People are scared. People are angry. People are really in need of some comfort, strength, and encouragement.
So with all that being said…
How can you cope with the war on cops when you’re married to one?
Give it to God.
Pray, every single day, or you’ll lose it. Pray for the safety of your husband. Pray that he’ll be guided to do the right things and make the right decisions that will keep him safe. Pray for your family to stay together and not to be harmed.
You can also find strength in uplifting scriptures that talk about God’s promises. Jeremiah 29:11 is a good one, for instance.
There are also countless scriptures that instruct us not to be afraid, like Joshua 1:9. Take that counsel to heart and really focus on the fact that God will make all things right in the end if you are faithful. Give all your fear to God.
While you’re at it, give Him your anger, too, even if it’s anger at Him. He knows you: He can take it. The scriptures are full of the faithful occasionally questioning God’s plan for them. It’s part of our journey in this life.
If you’re struggling to give these over to Him, go back to step one and pray for help with that, too.
Remember that Jesus died and was resurrected in order for the grave to not have to victory over us. This life is not the end. Even if the unthinkable should happen in your family, hold tight to these promises. White knuckle them. Don’t ever let them go. Remember that there’s more beyond this life. Keep your eyes on Christ, not on the storm around you.
Let it out.
After you’ve prayed, if you still feel angry and sad, do something to help. Whatever you think would improve your mood, whether it’s watching a silly movie, playing a game with your kids, or going somewhere fun, like the zoo.
Try listening to uplifting music, even if you can’t go anywhere. My personal favorite radio station is Air1, and you can find your local radio station on their website, or stream directly from there or from their app. They always manage to play music that comforts me no matter what I’m needing.
If you have an opportunity to make someone else’s day better, do it. There’s nothing that will improve your mood and help you see the light in the world better than being the good in the world yourself.

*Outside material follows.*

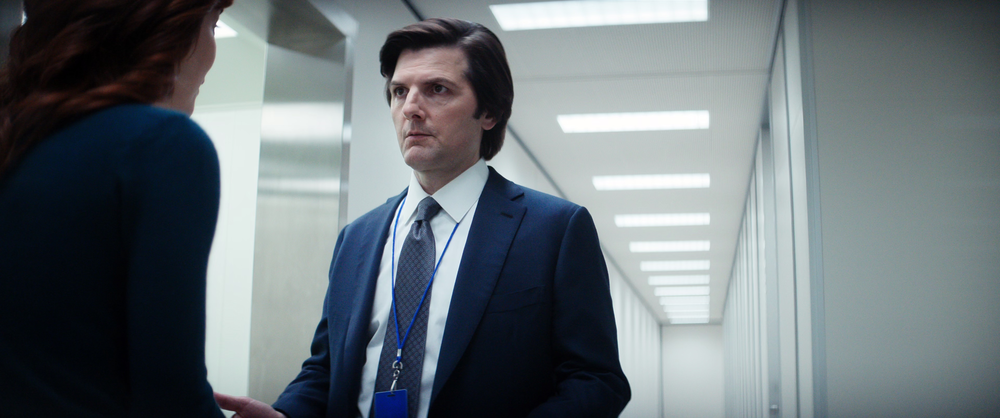 图片[4]-[夸克下载][人生切割术 第二季][更至08集][WEB-MKV/6.5G][英语中字][4K-2160P][神剧更新]-影音屋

The most important thing as that you don’t let the negative things stick around and fester.
Focus on the good.
Focus on the time you have together, on how wonderful it is when your husband arrives home safe, and how much he loves you and your kids.
Use the fear to make you humble, to make you more forgiving toward your husband and less likely to hold a grudge. Let the evil designed to tear your family apart build it up. Let it make you more focused on the good in your life because, even when times are good, nothing is a given. Today is the most important day, because we can’t change yesterday and we can’t plan for tomorrow.
One great way I’ve found to do this is through my art journaling: if you’re interested in giving it a shot, I wrote a whole post about how to start, even if you’re not necessarily artistically inclined.
All I’m saying is, remember to make every single day count.
This is going to be a controversial one, but I think it’s important. Because of the current climate, I’m focusing on getting my concealed weapons permit, improving my shooting skills, and making it a habit to carry at all times.
It’s a dangerous world out there, and we’re seeing it only get more and more dangerous.
Needless to say, if you can’t put the time and energy into carrying safely, don’t do this one at all. If you can, though, I advise you to make it a priority. Make yourself and your family less likely to be a victim.
Edit to add: If you need some tips, check out all our posts on concealed carry for women.
I realize that in an environment like this one, there are no easy answers. There’s no easy way to make all the bad things go away. I hope this will help give you hope and some comfort.
What are some ways you’ve found to cope with fear and anxiety as a police wife?